We did not identify studies which conducted de novo SNP selections, but instead referred to previously published GWAS/candidate gene association studies which identified genetic variants associated with the disease of interest. Hence, SNPs used in the prediction studies could be considered pre-validated at least at a basic level. However, different SNP selection strategies were reported (Table 1). 48 studies (87 %) included SNPs resulting from previous GWAS while 7 studies (13 %) considered SNPs identified in previous candidate association studies. The method of choice strongly correlated with the year of publication, probably indicating an increased availability of GWAS data for the disease of interest: only 2 out of 42 studies (5 %) published after 2009 used SNPs from candidate association studies. Contrarily, 5 out of 13 studies (39 %) published before 2010 solely relied on candidate association studies for SNP selection.

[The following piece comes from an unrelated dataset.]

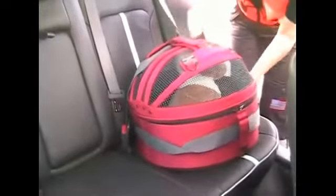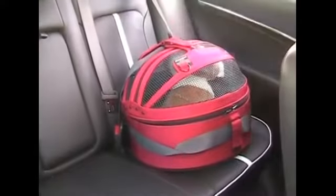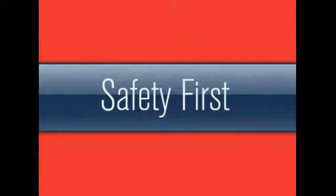Thus, keeping your pets, passengers and drivers safer, and helps our first responders to be able to remove the pet easier, making their job safer.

Notably, seven studies (Kathiresan et al. 2008; Paynter et al. 2010; Lluis-Ganella et al. 2012; Hernesniemi et al. 2012; Brautbar et al. 2012; Isaacs et al. 2013; Ibrahim-Verbaas et al. 2014) explicitly distinguished between SNPs that are directly associated with the predicted endpoint, and SNPs that are associated with intermediate phenotypes and therefore may contribute indirectly. A rationale behind this approach is that it may be of relevance for the predictive value of genetics when SNPs associated with intermediate phenotype are excluded as these intermediate phenotypes may be already included as predictors in the baseline model. A different rationale is that the model may benefit from shared genetics of the intermediate and predicted phenotype.
How were SNPs included into the prediction model?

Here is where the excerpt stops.